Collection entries
- - -
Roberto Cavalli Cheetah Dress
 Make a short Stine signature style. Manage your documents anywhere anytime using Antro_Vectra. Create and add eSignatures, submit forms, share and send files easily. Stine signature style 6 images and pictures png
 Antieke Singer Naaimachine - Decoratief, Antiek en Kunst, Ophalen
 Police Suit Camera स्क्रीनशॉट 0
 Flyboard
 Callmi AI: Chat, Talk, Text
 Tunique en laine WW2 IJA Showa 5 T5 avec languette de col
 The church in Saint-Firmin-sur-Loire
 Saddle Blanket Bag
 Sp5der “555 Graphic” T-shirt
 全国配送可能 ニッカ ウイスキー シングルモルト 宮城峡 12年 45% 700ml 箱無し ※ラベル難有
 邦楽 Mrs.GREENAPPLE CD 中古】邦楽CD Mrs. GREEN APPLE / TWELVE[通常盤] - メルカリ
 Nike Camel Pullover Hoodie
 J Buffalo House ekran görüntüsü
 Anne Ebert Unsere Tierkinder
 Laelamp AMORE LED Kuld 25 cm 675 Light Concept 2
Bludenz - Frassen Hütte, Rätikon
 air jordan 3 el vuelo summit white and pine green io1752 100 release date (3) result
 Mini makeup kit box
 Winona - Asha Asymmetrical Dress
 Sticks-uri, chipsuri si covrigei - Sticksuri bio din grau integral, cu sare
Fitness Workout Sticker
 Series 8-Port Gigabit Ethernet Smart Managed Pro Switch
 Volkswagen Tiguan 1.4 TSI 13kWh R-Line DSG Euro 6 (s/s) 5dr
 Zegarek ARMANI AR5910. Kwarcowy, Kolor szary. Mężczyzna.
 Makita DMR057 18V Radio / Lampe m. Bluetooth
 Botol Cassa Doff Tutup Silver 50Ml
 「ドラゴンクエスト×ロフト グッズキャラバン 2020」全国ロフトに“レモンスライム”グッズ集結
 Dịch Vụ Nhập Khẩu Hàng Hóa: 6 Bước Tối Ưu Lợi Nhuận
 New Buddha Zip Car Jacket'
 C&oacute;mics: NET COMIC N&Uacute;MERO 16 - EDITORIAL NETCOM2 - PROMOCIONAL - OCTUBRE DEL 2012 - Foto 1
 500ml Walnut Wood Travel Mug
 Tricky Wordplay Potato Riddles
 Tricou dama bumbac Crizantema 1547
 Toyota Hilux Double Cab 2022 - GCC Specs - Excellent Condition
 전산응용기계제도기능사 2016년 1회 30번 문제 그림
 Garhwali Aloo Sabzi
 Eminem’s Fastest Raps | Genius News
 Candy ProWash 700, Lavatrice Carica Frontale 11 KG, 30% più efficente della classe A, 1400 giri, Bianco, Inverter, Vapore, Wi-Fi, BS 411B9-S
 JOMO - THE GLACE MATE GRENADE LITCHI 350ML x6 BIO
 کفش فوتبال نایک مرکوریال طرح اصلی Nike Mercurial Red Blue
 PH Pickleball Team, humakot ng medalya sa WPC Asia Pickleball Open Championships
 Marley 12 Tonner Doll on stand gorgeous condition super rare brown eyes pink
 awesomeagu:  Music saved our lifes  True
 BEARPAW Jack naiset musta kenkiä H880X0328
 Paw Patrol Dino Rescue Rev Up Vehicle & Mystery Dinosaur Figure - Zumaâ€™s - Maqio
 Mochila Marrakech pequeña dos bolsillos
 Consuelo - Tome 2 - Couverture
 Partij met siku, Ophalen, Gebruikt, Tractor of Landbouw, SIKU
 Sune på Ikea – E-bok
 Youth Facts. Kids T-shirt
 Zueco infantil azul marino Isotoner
- - -
- _Task item_: The answer is the run of lines above from the line containing "Mini makeup kit box" through the line containing "Garhwali Aloo Sabzi", copied exactly and alone.

- _Answer for this exercise_:
 Mini makeup kit box
 Winona - Asha Asymmetrical Dress
 Sticks-uri, chipsuri si covrigei - Sticksuri bio din grau integral, cu sare
Fitness Workout Sticker
 Series 8-Port Gigabit Ethernet Smart Managed Pro Switch
 Volkswagen Tiguan 1.4 TSI 13kWh R-Line DSG Euro 6 (s/s) 5dr
 Zegarek ARMANI AR5910. Kwarcowy, Kolor szary. Mężczyzna.
 Makita DMR057 18V Radio / Lampe m. Bluetooth
 Botol Cassa Doff Tutup Silver 50Ml
 「ドラゴンクエスト×ロフト グッズキャラバン 2020」全国ロフトに“レモンスライム”グッズ集結
 Dịch Vụ Nhập Khẩu Hàng Hóa: 6 Bước Tối Ưu Lợi Nhuận
 New Buddha Zip Car Jacket'
 C&oacute;mics: NET COMIC N&Uacute;MERO 16 - EDITORIAL NETCOM2 - PROMOCIONAL - OCTUBRE DEL 2012 - Foto 1
 500ml Walnut Wood Travel Mug
 Tricky Wordplay Potato Riddles
 Tricou dama bumbac Crizantema 1547
 Toyota Hilux Double Cab 2022 - GCC Specs - Excellent Condition
 전산응용기계제도기능사 2016년 1회 30번 문제 그림
 Garhwali Aloo Sabzi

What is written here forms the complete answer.